31 In the present study, term colostrum was used instead of preterm colostrum, and this might be a limitation, although lactoferrin levels between preterm and term colostrum appear not to be clearly defined. When the present results are extrapolated to clinical practice, it is important to highlight
that, although HMF is currently used for preterm infants, in Brazil a large number of preterm infants receive HMF added to human milk from the Human Milk Bank, and in that case they usually receive term milk. learn more None of the previous studies evaluated bacterial growth with the addition of the HMF used in this study, which is the only fortifier available in Brazil (0.28 mg of iron in 1 g of fortifier).

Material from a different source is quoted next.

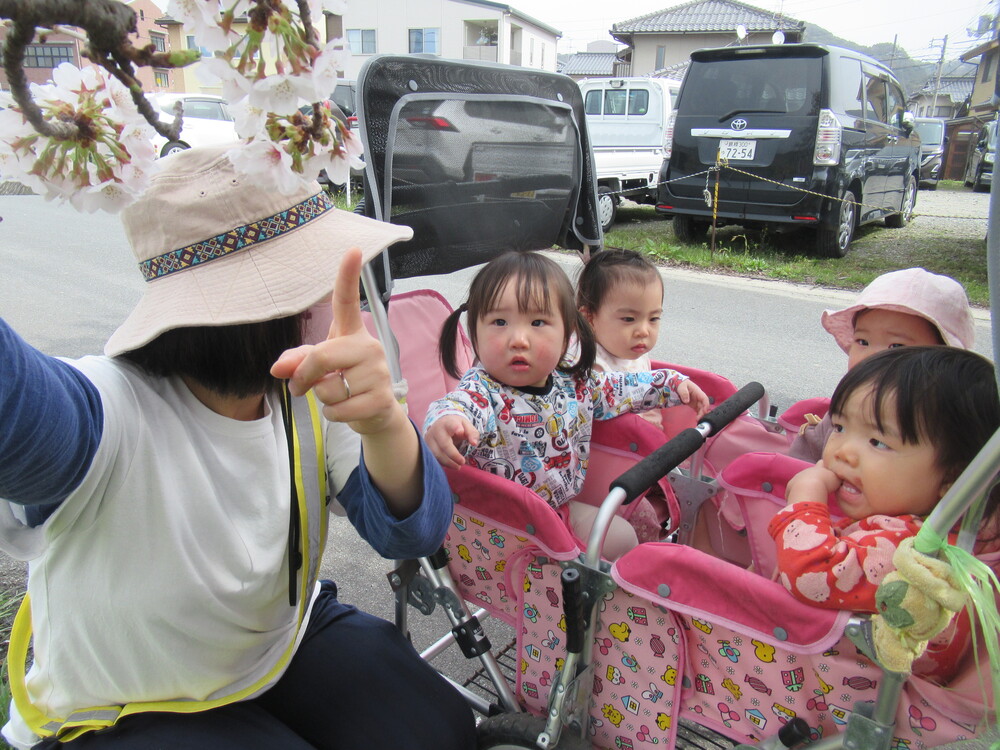 桜に興味津々な子ども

It is also important to consider that in the studies by Chan et al., different bacteria
strains were analyzed: E. coli, Staphylococcus, Enterobacter sakazakii, and group B Streptococcus. In the present study, E. coli growth was higher in the samples with HMF, similarly to the studies by Chan et al. 7 and 8 The bacterial strains selected for this study are the most frequent reported by the Commission of Hospital Infection Control of the hospital where the study was performed. The correlation coefficients between C group samples Navitoclax chemical structure and HMF group samples were significant for all strains of bacteria, which Vildagliptin demonstrates that the bacterial growth was similar in all samples when the two groups were compared, indicating that bacterial growth followed the same pattern in both groups, regardless of the addition of HMF. The mechanism through which lactoferrin inhibits bacterial growth remains unclear. The bacteriostatic capacity of lactoferrin is often attributed to its ability to chelate iron, restricting this essential nutrient for pathogenic bacteria proliferation. However, it is important to highlight that studies have also shown that the bactericidal activity is not dependent on the degree of iron saturation of lactoferrin. Since lactoferrin has been shown to affect the
immune system and the mucosa immune function, the addition of iron may affect these actions. However, since the present study was in vitro, it was not possible to analyze those functions. 7, 11, 12, 13, 32 and 33 Care should be taken when extrapolating the present results to clinical practice. In vitro, it appears that the HMF currently available in Brazil may increase the risk for E. coli proliferation. However, in vivo studies are needed to test the clinical significance of these results. Contradictory results found in similar studies are probably due to different milk samples, which may vary depending on ethnic characteristics, infant age at the delivery time, milk maturity, time of sample collection, added iron amount, and strain of bacteria analyzed.